Quantum Simulations¶
QPE is used in quantum simulations to estimate the eigenvalues of a unitary operator, which is essential for simulating quantum systems and solving problems in quantum chemistry and material science.
Solving Linear Systems of Equations¶
The Harrow-Hassidim-Lloyd (HHL) algorithm uses QPE to solve linear systems of equations exponentially faster than classical algorithms.

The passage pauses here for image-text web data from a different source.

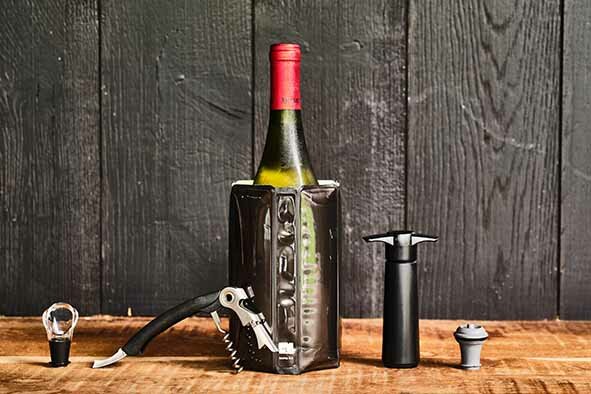 Wijnset 5-delig Vacu Vin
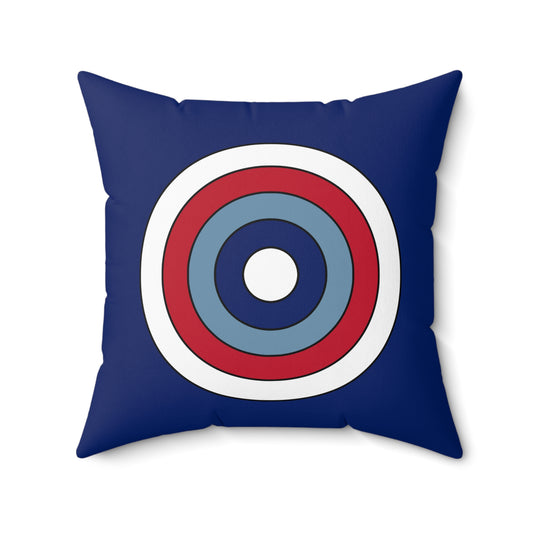 Falkland Islands Retro Target Cushion Pillow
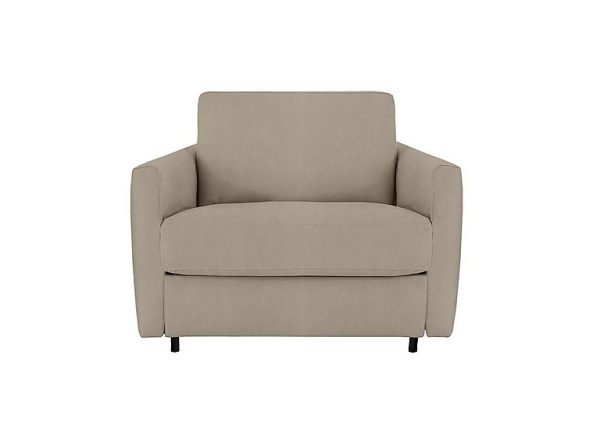 Nicoletti  Alcova Fabric Chair Sofa Bed with Slim Arms  Flambe Visone | Bed Sava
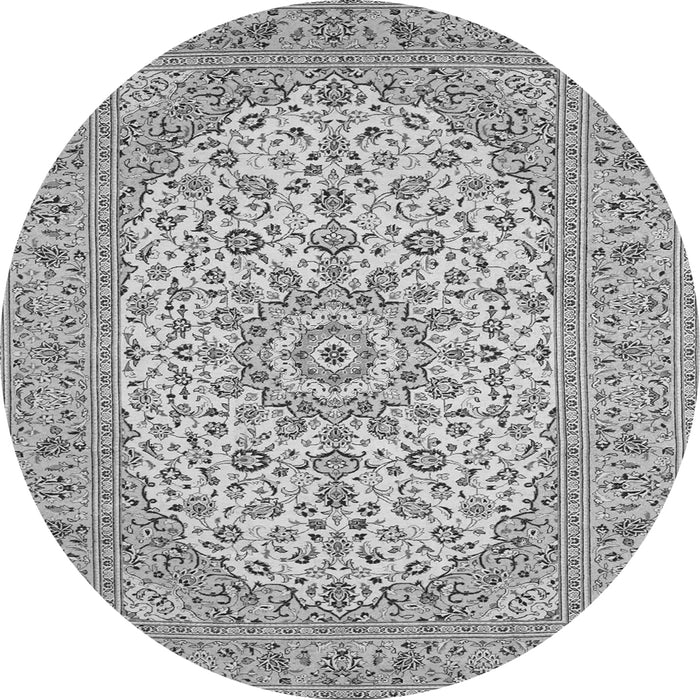 Square Medallion Gray Traditional Rug, tr148gry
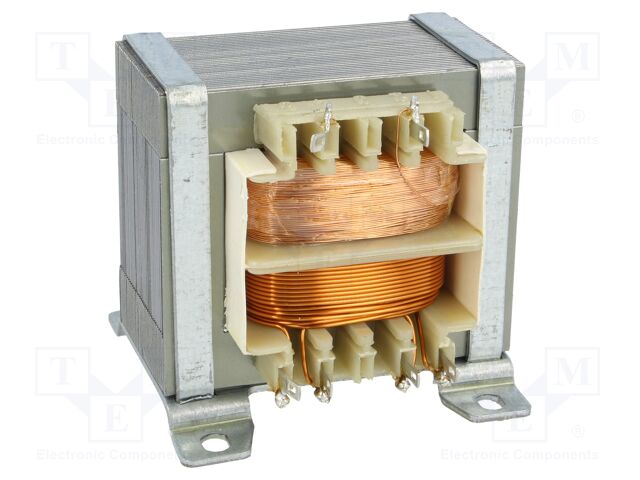 Transformador 40VA 230VCA a 2x12V 2x1,6A. Mod. TS40/018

Finding Eigenvalues and Eigenvectors¶
QPE can be used to find the eigenvalues and eigenvectors of a unitary operator, which has applications in various quantum algorithms and quantum machine learning.
Quantum Cryptography¶
QFT and QPE can be used in quantum cryptographic protocols to enhance security and develop new cryptographic schemes.
Conclusion¶
The Quantum Fourier Transform (QFT) and Quantum Phase Estimation (QPE) are closely related, with QFT being a critical component of the QPE algorithm. QFT transforms quantum states into their frequency domain representations, while QPE uses this transformation to estimate the phase of an eigenvalue of a unitary operator. Understanding the relationship between QFT and QPE is essential for developing advanced quantum algorithms and systems.